If you can’t remove it, might as well learn how to use it.
That’s the idea behind central Bronx Community Board 6’s plan to partner with the Department of Transportation (DOT) and educate Tremont’s bikers on properly riding through the nabe’s new Crotona Ave. bike lane. CB6 is distributing DOT brochures that detail how one should use the “shared lane” —really just painted arrows and bike symbols on the pavement, as well as sidewalk signs alerting drivers to share the space — installed over the summer on the buzzing commercial strip from Crotona Park North to E. Fordham Road.
The brochure lays out a simple mandate for cyclists: always ride with traffic, and “take the lane” from motorists when necessary.
Those rules may sound easy, but locals have witnessed a slew of bikers running red lights and riding against traffic, said CB6 District Manager Ivine Galarza.
“We need a campaign for the bikers to know their rights and responsibilities,” she said.
The board was taken aback when DOT painted what they call “sharrows” – “shared arrows” – on the street over the summer.
The city agency also hung signs alerting motorists to share the two-way street with cyclists.
Cyclists are meant to follow the sharrows and ride as an equal part of traffic, with the legal right to use either 21.5-foot lane.
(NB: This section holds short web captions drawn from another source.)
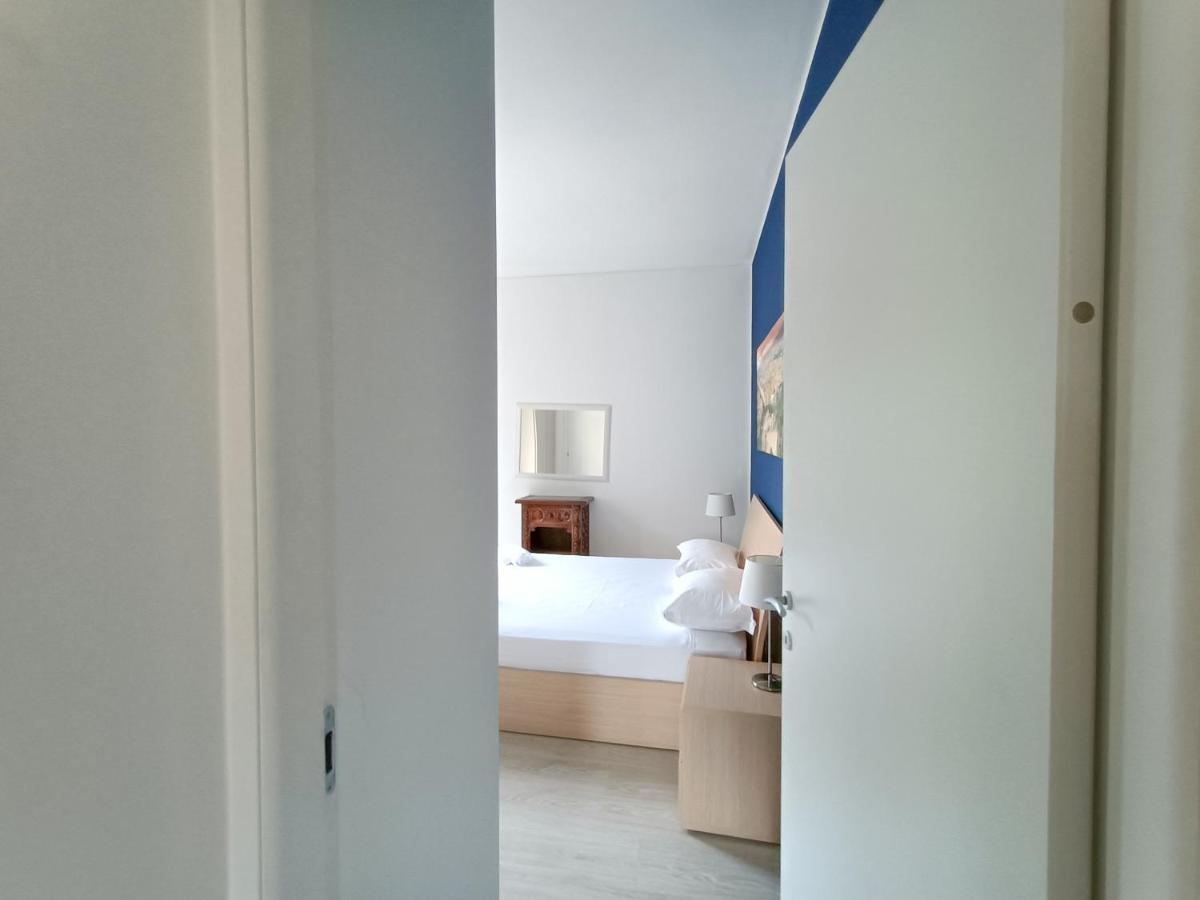 Joivy Elegant Flat For 6 With 2 Balconies Apartamento Milão Exterior foto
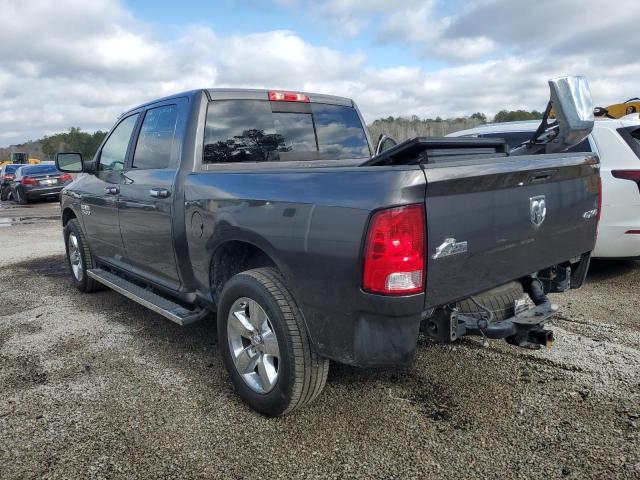 Image 2 of 2018 RAM 1500 SLT 2018 with VIN 3C6RR7LG9JG251182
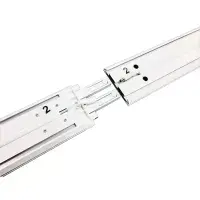 3m x 3m iGLO LED Lightbox Exhibition Stand Kit 7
The sharrows are spaced far enough from parked cars for cyclists to avoid being struck by a car door, DOT claims.
The car door issue has proved deadly on the strip in the past. A cyclist was killed after being hit by a car door at E. Tremont and Crotona avenues in 2011. Today one of DOT’s “curbside haiku” hangs at the spot of the accident. It reads: “A sudden car door/cyclist’s story rewritten/fractured narrative.”
Many Tremont locals would prefer that cyclists simply find another lane in which to ride. The busy stretch of Crotona Ave. is not a bike-friendly street, the board charged at a walkthrough of the site with DOT brass in October.
Locals decry the lane as encouraging bikers to ride through a dangerous street filled with double-parked delivery trucks and bus lines.
“There’s no bikers there, maybe one or two a day,” Galarza said. “It’s not a route that cyclists can safely use.”
The DOT says it chose the lane because it builds toward its goal of creating a borough-wide bike network.
The stretch of Crotona connects riders north from Crotona Park to Belmont and eventually Moshulu Parkway.
Galarza said the board is still milling over whether it wants to continue to protest the lane, but in the meantime will distribute the DOT brochures.
The DOT is also working on creating flyers, Galarza said, to hang along the street to remind cyclists and motorists of the new rules of this road.